Nos entreprises chercheront-elles à préserver jusqu’au moindre centime ou préféreront-elles éviter tout conflit avec le fisc? “Une plus grande confiance profiterait à toutes les parties.”
“Un certain nombre de pratiques autorisées sont très complexes et difficiles à contrôler par les autorités fiscales”, note d’emblée Alexis de Biolley, responsable des affaires publiques au sein de l'Institute for Tax Advisors and Accountants (ITAA). “C'est pourquoi, aux yeux des profanes, elles semblent relever d'une zone grise. Mais la frontière est sans ambigüité: la voie légale vers la situation la moins taxée est autorisée, la mise en place délibérée de constructions illégales ne l'est évidemment pas.”
Tout ce qui est légal est-il forcément éthique? “La différence est politique et varie dans le temps et l'espace”, répond Alexis de Biolley. “Ce qui, hier, était considéré comme contraire à l'éthique aux États-Unis peut sembler tout à fait acceptable aujourd'hui en Belgique. L'expert-comptable/conseiller fiscal a une seule boussole et c'est la loi. Or, la loi a généralement un certain retard sur ce que l'esprit du temps considère comme éthique. Mais nous ne pouvons agir qu’en fonction du droit, au risque d'ouvrir la porte à l'arbitraire.”
Intégrité
Les membres de l'ITAA doivent respecter une déontologie stricte en tant que professionnels reconnus. “L'intégrité est une condition sine qua non en ce qui nous concerne”, déclare Alexis de Biolley.
Les experts-comptables, les conseillers fiscaux et les banques sont tenus de signaler les cas de fraude fiscale grave. Toutefois, la législation dans ce domaine est complexe et les critères d'évaluation ne sont pas clairs. Ce qui peut conduire à des contradictions. “Pour éviter de tels scénarios, nous plaidons en faveur d'une législation reposant sur des critères clairs”, ajoute Alexis de Biolley.
Ce qui, hier, était considéré comme contraire à l'éthique aux États-Unis peut sembler tout à fait acceptable aujourd'hui en Belgique.
Confiance
La confiance entre l'entreprise, les autorités fiscales et le conseiller fiscal est essentielle. Des études démontrent que la robustesse de ce lien de confiance est un bon indicateur des performances à long terme d'une entreprise.

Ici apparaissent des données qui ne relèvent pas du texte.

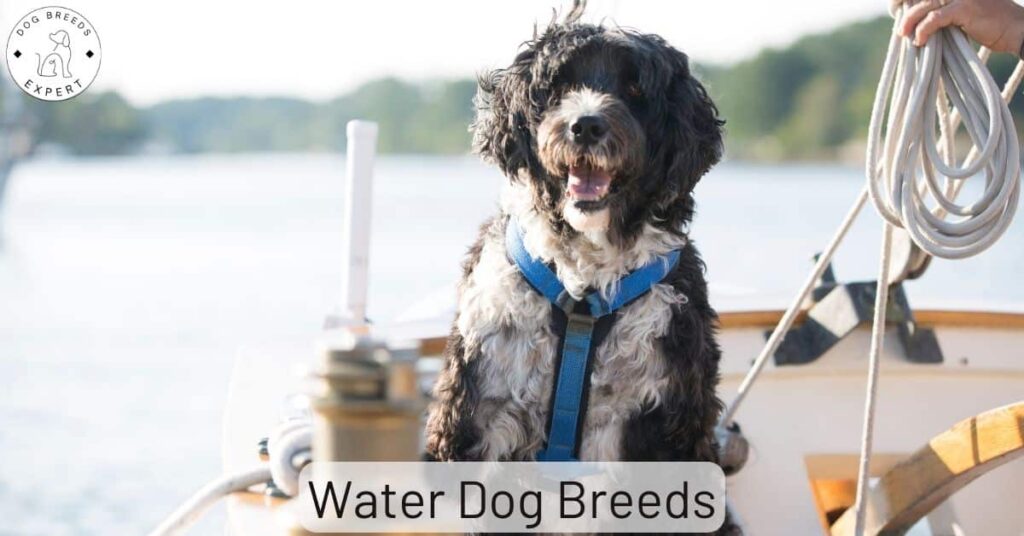 The Water Dog Breeds Group – Which Dogs? Find Out Here!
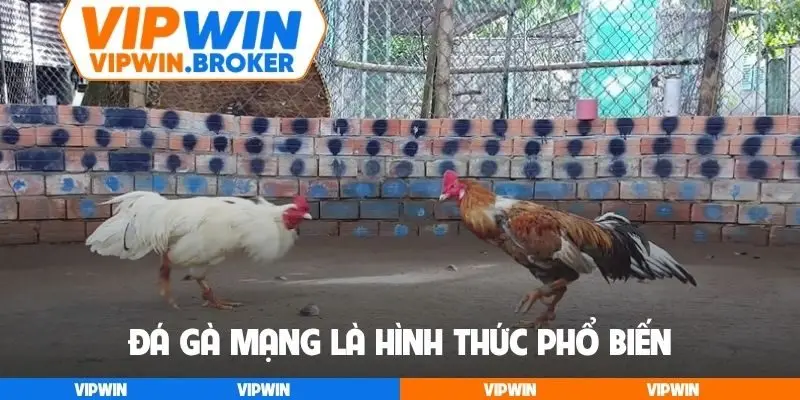 Đá gà mạng là hình thức phổ biến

“Nous souhaitons davantage de coopération et de transparence, ainsi qu’une relation de confiance solide”, résume Alexis de Biolley. “Dans certains domaines, cela existe déjà. Pensez au service du ruling: le caractère légal d'un montage fiscal peut être validé à l'avance. Nous encourageons cette pratique.”
Contrôle horizontal
Un projet-pilote de contrôle horizontal est actuellement en place au sein du fisc, centré sur la confiance dans la coopération entre les trois opérateurs fisc/expert-comptable/entreprise. Il s'agit d'un nouveau modèle de coopération prônant la proactivité et non plus la réactivité. Cette méthode de travail fonctionne depuis longtemps, et avec succès, aux Pays-Bas.

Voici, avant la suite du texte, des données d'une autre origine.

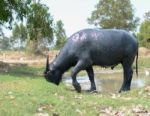 
Buffalo Muddy Cool Grazing In A Field With Happiness Stock Photo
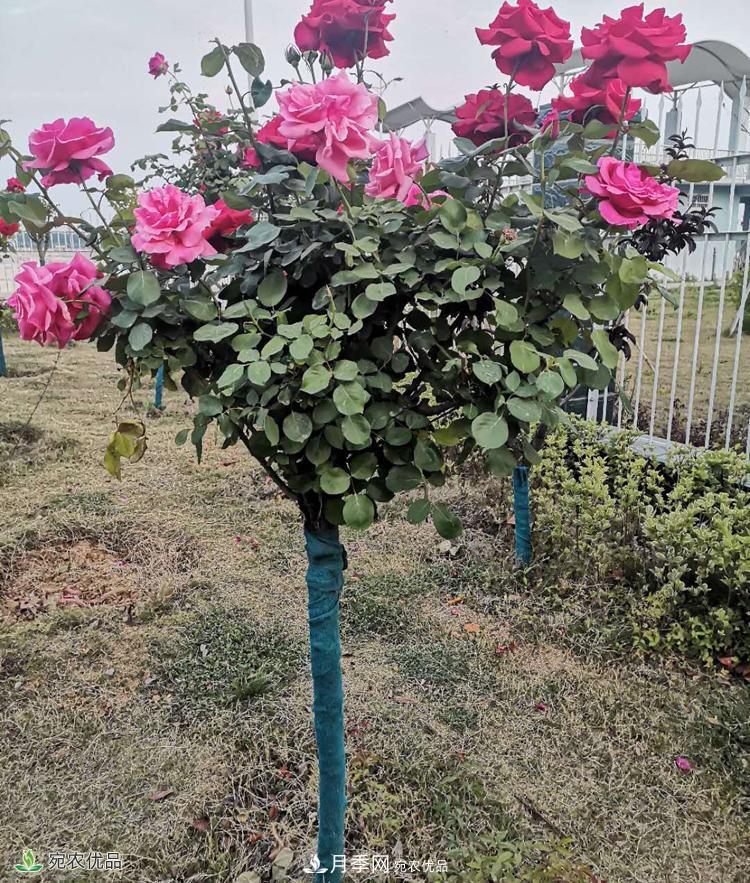 郑州月季树基地_郑州月季_树状月季批发和价格(图4) 郑州月季树基地_郑州月季_树状月季批发和价格(图4)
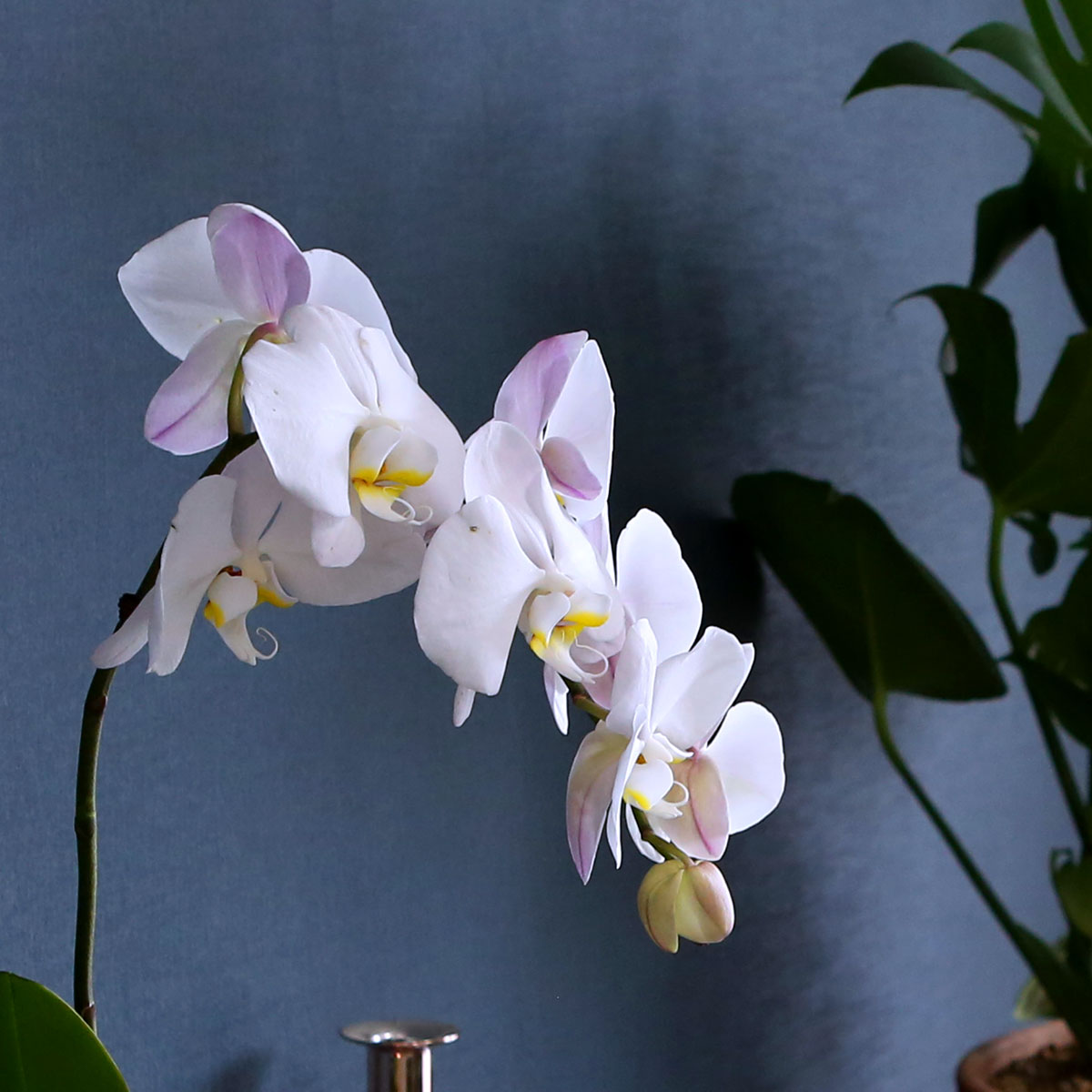 Office & Nature - Elegant white (소)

“Avec le contrôle horizontal, la coopération remplace le contrôle d'en haut”, précise Alexis de Biolley. “Pour son adoption sur le terrain, les autorités publiques envisagent plusieurs pistes. Nous sommes favorables à la certification, par un expert-comptable reconnu, de l'exactitude et de la transparence d'une déclaration. Si les autorités fiscales valident cette certification, les contrôles détaillés devront être moins nombreux. Plusieurs associations de PME penchent elles aussi pour cette formule. Pour autant, nous sommes ouverts à la concertation pour trouver d'autres pistes.”
Stress fiscal
Pour la plupart des PME et entreprises, en effet, les obligations fiscales sont souvent lourdes, difficiles à comprendre et source de stress. “La demande de davantage de clarté est plus forte que la volonté d’exploiter pleinement la zone grise fiscale”, observe Alexis de Biolley. “La majorité des PME désirent avant tout se conformer au règlement de la TVA et être en règle pour ce qui touche à l’impôt sur les sociétés, afin d'éviter les amendes imprévues. La PME moyenne ne dispose pas d'un budget mensuel de plusieurs milliers d'euros à consacrer à la recherche d'échappatoires fiscales ou à la mise en place de montages illégaux complexes. Une plus grande confiance profiterait à toutes les parties.”